### REQUIRED WORK
Once the line with "Lifting de cuello espectacular Lifting" is reached, output it and every line after it, exactly, through the end of the records below. Pictures are skipped.

### Short web captions
[Start of Attachment]

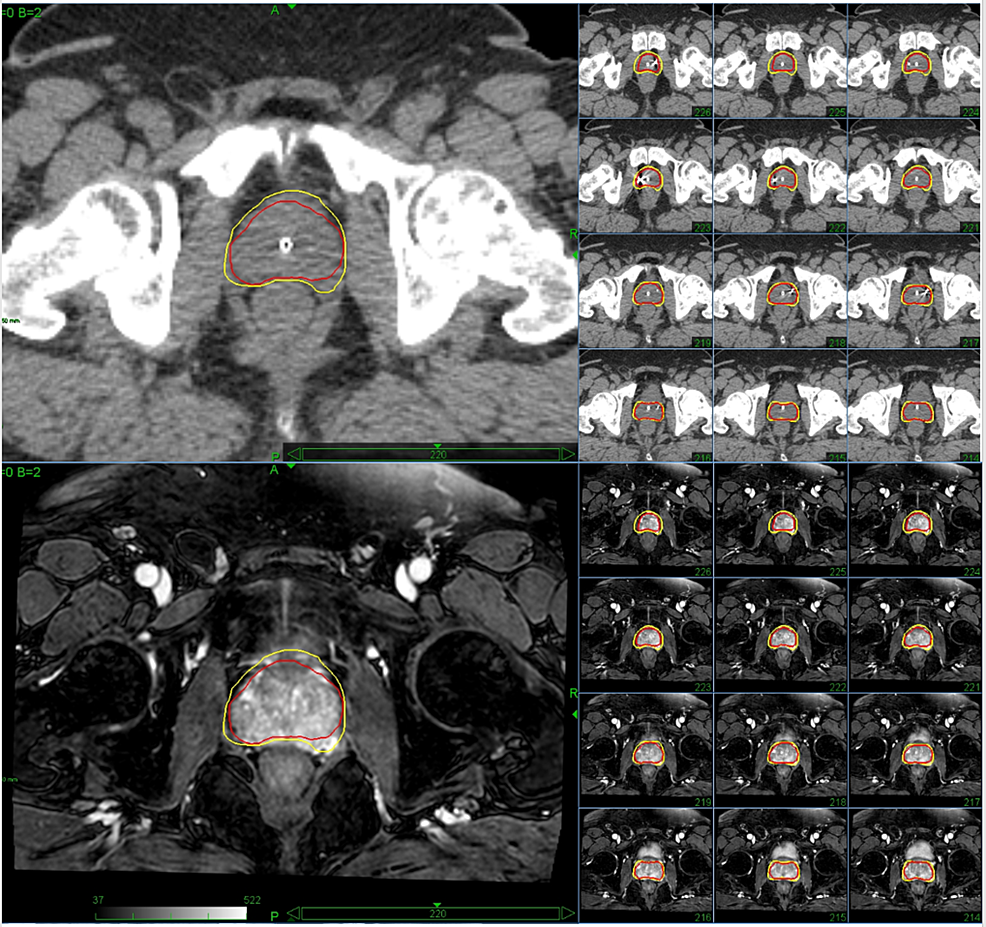 Cureus Stereotactic Body Radiation Therapy For Prostate Cancer An Institutional Experience 0018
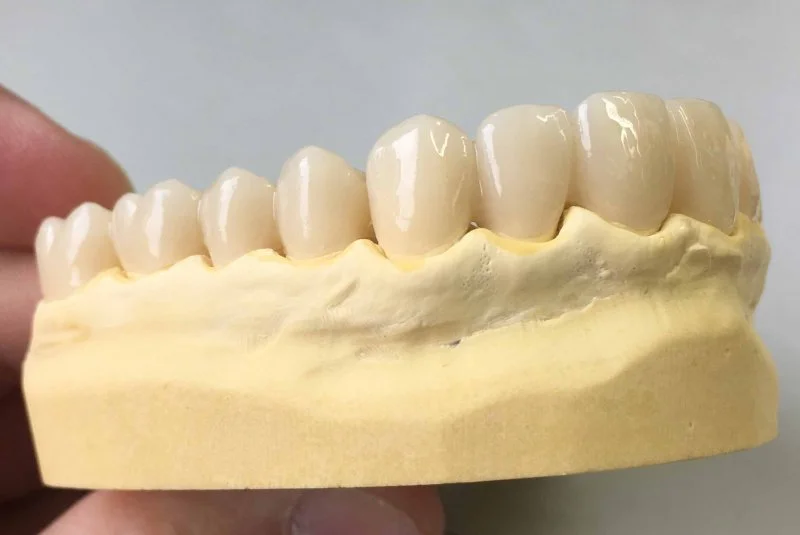 Kiefermodell mit künstlichen Zähnen aus Keramik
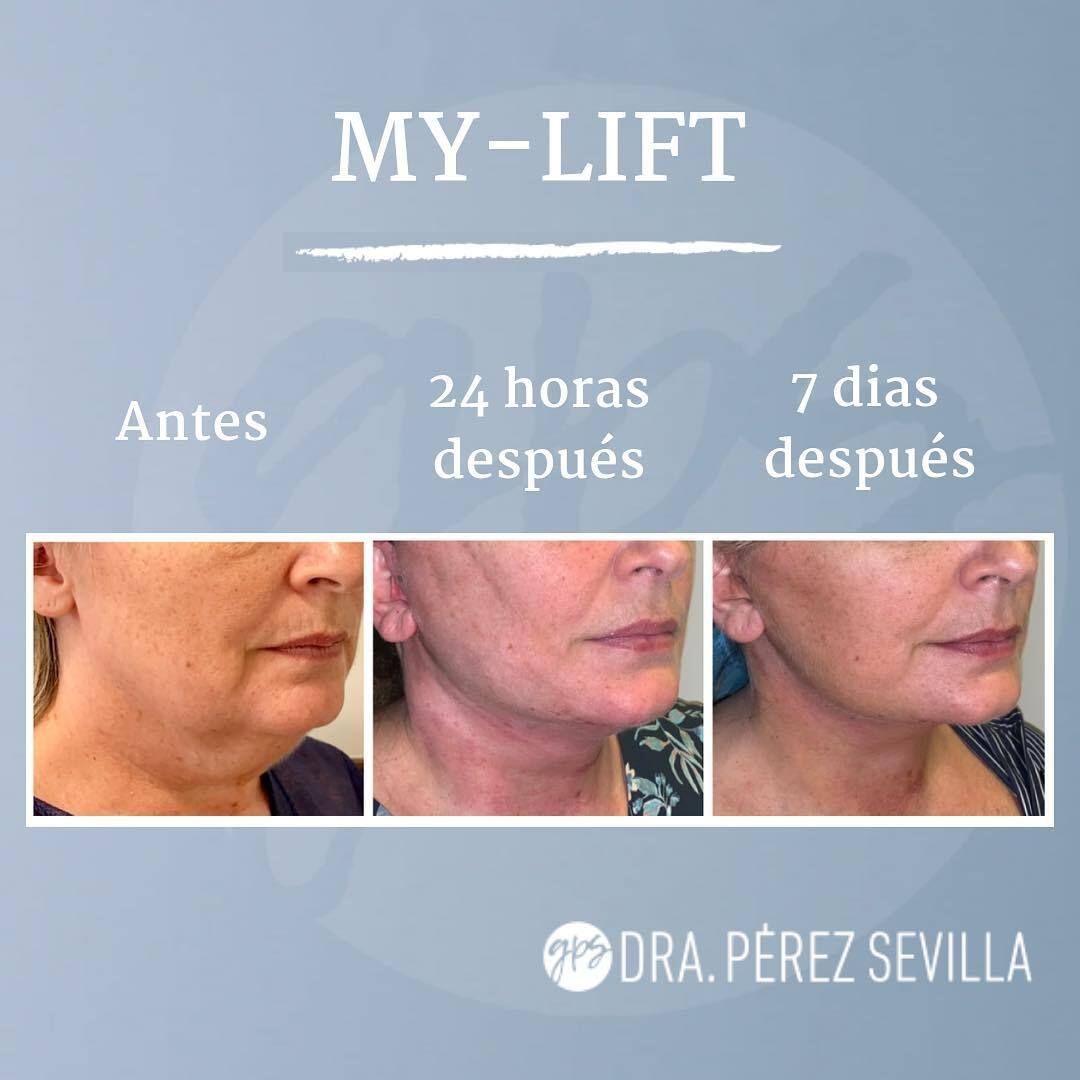 Lifting de cuello espectacular Lifting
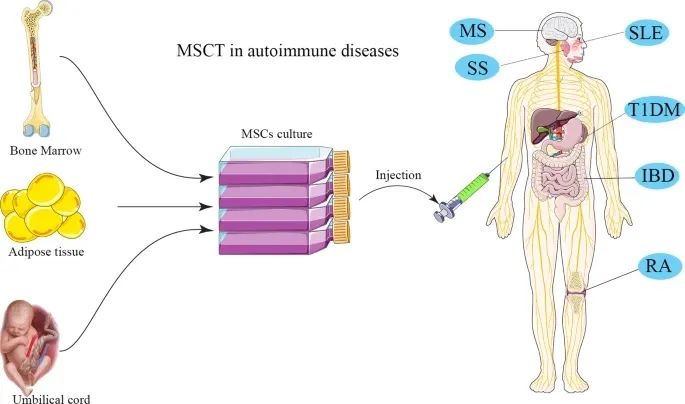 新综述：间充质干细胞治疗在自身免疫性疾病中的临床应用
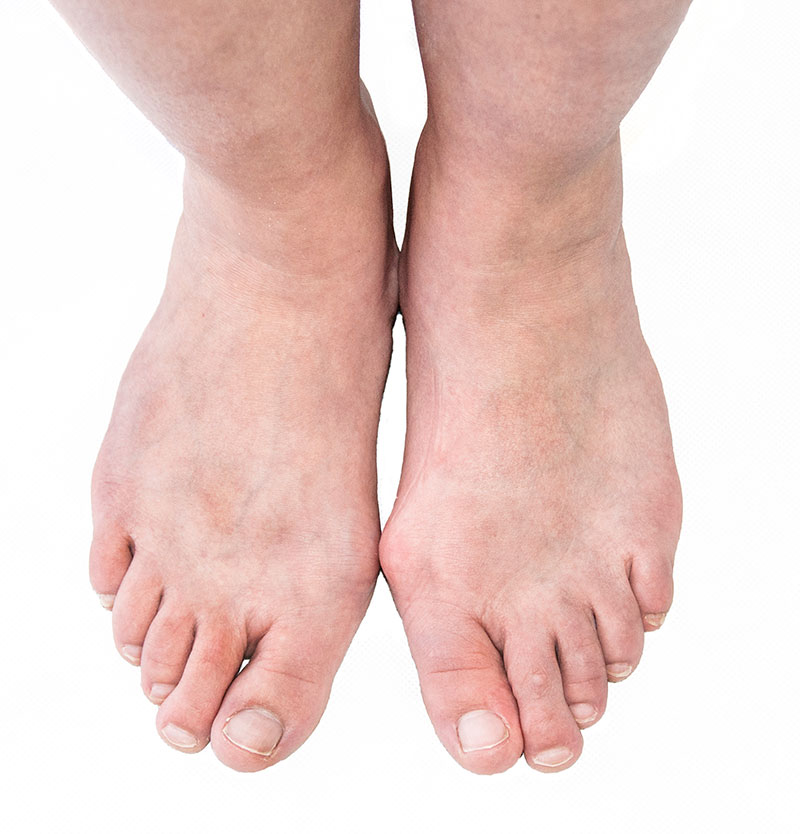 Profilaktyka stopy reumatoidalnej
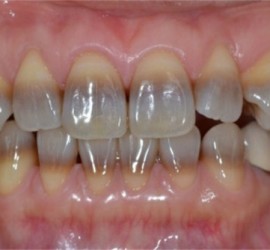 Тетрациклиновые зубы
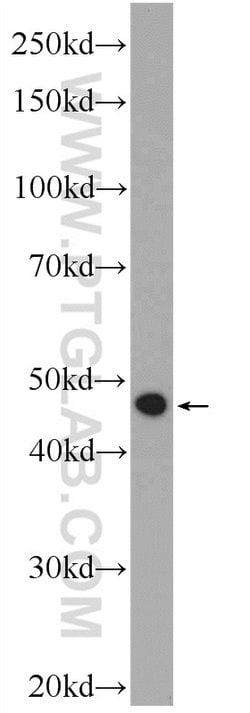 C5orf4 Rabbit anti-Human, Polyclonal, Proteintech 150 &mu;L; Unconjugated:Antibodies,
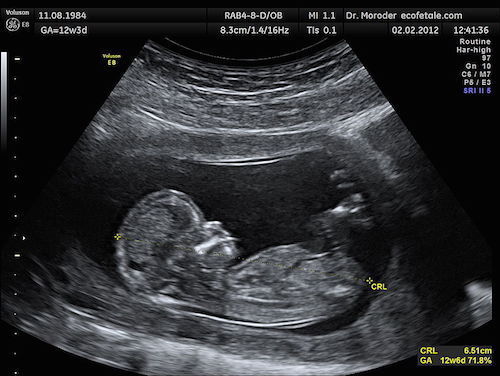 CRL_Crown_rump_lengh_12_weeks_ecografia_Dr._Wolfgang_Moroder.jpg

[End of Attachment]

### EXERCISE OUTPUT
 Lifting de cuello espectacular Lifting
 新综述：间充质干细胞治疗在自身免疫性疾病中的临床应用
 Profilaktyka stopy reumatoidalnej
 Тетрациклиновые зубы
 C5orf4 Rabbit anti-Human, Polyclonal, Proteintech 150 &mu;L; Unconjugated:Antibodies,
 CRL_Crown_rump_lengh_12_weeks_ecografia_Dr._Wolfgang_Moroder.jpg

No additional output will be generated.